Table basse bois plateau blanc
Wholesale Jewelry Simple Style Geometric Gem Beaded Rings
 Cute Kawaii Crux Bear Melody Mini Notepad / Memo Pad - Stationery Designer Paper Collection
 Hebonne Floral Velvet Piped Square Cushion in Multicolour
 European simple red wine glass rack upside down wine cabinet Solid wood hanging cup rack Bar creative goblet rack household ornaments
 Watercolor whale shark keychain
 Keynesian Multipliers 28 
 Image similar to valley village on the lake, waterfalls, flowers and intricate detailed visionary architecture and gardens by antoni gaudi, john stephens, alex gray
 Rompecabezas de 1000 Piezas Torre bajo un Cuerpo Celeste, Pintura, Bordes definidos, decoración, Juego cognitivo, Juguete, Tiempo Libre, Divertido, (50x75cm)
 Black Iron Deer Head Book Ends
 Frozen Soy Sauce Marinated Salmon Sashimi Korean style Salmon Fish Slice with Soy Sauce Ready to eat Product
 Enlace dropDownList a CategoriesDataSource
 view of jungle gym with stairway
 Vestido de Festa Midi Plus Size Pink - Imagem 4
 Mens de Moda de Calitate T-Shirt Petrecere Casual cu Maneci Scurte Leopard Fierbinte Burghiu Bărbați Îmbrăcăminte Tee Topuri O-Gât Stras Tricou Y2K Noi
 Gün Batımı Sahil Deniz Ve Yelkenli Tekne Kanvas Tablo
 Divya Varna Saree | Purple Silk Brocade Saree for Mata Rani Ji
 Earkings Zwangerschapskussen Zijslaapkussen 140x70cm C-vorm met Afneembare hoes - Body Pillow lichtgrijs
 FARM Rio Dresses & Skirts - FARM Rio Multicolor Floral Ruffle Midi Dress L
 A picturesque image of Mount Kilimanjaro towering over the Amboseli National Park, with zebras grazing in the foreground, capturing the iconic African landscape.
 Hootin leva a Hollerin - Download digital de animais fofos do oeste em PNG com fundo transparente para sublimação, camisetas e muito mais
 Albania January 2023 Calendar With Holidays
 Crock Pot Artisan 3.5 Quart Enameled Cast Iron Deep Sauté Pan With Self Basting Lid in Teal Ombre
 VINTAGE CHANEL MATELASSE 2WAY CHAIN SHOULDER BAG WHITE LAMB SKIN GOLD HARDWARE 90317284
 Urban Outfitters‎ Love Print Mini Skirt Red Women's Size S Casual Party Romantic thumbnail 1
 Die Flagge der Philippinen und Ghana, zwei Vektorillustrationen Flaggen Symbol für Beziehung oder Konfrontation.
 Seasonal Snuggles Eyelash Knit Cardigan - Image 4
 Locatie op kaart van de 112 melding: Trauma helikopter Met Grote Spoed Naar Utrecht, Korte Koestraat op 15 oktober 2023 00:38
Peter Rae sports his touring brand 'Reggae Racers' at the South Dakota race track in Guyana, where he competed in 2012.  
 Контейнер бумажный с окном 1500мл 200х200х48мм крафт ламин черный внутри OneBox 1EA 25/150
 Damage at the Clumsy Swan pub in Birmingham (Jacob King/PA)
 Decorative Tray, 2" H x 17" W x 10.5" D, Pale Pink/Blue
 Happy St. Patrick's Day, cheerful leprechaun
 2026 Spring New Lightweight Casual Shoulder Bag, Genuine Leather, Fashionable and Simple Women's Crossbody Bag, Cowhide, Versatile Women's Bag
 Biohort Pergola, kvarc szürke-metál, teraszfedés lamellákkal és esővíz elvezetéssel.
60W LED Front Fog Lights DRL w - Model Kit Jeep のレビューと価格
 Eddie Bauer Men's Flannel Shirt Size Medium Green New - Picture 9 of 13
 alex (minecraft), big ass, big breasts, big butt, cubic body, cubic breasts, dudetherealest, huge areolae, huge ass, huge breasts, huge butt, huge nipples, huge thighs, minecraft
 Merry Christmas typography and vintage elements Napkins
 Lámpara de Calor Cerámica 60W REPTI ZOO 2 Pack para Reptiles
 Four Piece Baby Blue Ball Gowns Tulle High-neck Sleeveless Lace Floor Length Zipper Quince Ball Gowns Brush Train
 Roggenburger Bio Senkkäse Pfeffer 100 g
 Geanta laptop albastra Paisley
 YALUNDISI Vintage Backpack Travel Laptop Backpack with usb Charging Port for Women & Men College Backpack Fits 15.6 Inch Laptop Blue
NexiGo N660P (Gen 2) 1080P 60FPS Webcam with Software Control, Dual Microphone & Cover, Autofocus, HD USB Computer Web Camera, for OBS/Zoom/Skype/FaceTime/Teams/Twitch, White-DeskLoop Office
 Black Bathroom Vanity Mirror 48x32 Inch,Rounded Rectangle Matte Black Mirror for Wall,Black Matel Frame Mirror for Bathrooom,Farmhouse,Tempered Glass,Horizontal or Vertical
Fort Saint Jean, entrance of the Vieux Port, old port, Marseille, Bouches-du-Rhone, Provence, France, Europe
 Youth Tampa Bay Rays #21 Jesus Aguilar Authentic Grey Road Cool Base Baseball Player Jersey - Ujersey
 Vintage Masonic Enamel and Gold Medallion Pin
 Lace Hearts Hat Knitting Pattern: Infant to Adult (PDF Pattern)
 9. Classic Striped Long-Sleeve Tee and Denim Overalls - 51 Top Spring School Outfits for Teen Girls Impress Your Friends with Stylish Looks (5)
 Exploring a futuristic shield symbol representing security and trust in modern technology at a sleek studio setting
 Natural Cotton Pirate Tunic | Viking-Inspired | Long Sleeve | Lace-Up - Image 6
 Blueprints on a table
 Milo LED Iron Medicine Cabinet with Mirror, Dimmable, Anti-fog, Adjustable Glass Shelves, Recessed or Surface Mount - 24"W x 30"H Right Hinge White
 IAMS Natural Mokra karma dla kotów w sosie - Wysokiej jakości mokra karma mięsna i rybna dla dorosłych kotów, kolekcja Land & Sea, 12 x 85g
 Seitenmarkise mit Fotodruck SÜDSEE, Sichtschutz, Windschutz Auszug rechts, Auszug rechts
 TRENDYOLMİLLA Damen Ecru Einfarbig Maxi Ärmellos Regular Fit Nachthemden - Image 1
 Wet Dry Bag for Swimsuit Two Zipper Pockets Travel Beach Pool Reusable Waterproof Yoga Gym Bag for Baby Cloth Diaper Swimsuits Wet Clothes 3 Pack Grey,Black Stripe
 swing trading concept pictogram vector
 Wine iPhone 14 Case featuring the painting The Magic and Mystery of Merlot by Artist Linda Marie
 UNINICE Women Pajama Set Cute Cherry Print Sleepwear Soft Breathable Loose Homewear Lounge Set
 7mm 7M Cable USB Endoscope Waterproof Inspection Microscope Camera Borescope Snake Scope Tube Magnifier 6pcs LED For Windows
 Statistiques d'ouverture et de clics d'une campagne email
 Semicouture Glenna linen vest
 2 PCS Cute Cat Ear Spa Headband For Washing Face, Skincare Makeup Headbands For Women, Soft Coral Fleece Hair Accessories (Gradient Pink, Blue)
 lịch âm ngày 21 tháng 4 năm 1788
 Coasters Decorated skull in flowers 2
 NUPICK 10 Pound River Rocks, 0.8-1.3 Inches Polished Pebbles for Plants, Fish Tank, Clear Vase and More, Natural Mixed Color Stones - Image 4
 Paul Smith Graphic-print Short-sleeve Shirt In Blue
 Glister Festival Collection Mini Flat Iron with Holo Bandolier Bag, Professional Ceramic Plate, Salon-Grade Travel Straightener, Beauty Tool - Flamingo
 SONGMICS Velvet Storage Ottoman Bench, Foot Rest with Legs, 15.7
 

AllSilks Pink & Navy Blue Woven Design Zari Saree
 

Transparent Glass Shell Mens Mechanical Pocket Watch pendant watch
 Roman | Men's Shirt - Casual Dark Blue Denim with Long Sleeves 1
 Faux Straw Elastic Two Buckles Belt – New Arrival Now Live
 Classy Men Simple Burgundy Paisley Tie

+ + + + + + +

Working from the data above, extract solely the lines from the one containing "alex (minecraft), big" through the one containing "Fort Saint Jean, entrance", exactly as they appear, both included.

 alex (minecraft), big ass, big breasts, big butt, cubic body, cubic breasts, dudetherealest, huge areolae, huge ass, huge breasts, huge butt, huge nipples, huge thighs, minecraft
 Merry Christmas typography and vintage elements Napkins
 Lámpara de Calor Cerámica 60W REPTI ZOO 2 Pack para Reptiles
 Four Piece Baby Blue Ball Gowns Tulle High-neck Sleeveless Lace Floor Length Zipper Quince Ball Gowns Brush Train
 Roggenburger Bio Senkkäse Pfeffer 100 g
 Geanta laptop albastra Paisley
 YALUNDISI Vintage Backpack Travel Laptop Backpack with usb Charging Port for Women & Men College Backpack Fits 15.6 Inch Laptop Blue
NexiGo N660P (Gen 2) 1080P 60FPS Webcam with Software Control, Dual Microphone & Cover, Autofocus, HD USB Computer Web Camera, for OBS/Zoom/Skype/FaceTime/Teams/Twitch, White-DeskLoop Office
 Black Bathroom Vanity Mirror 48x32 Inch,Rounded Rectangle Matte Black Mirror for Wall,Black Matel Frame Mirror for Bathrooom,Farmhouse,Tempered Glass,Horizontal or Vertical
Fort Saint Jean, entrance of the Vieux Port, old port, Marseille, Bouches-du-Rhone, Provence, France, Europe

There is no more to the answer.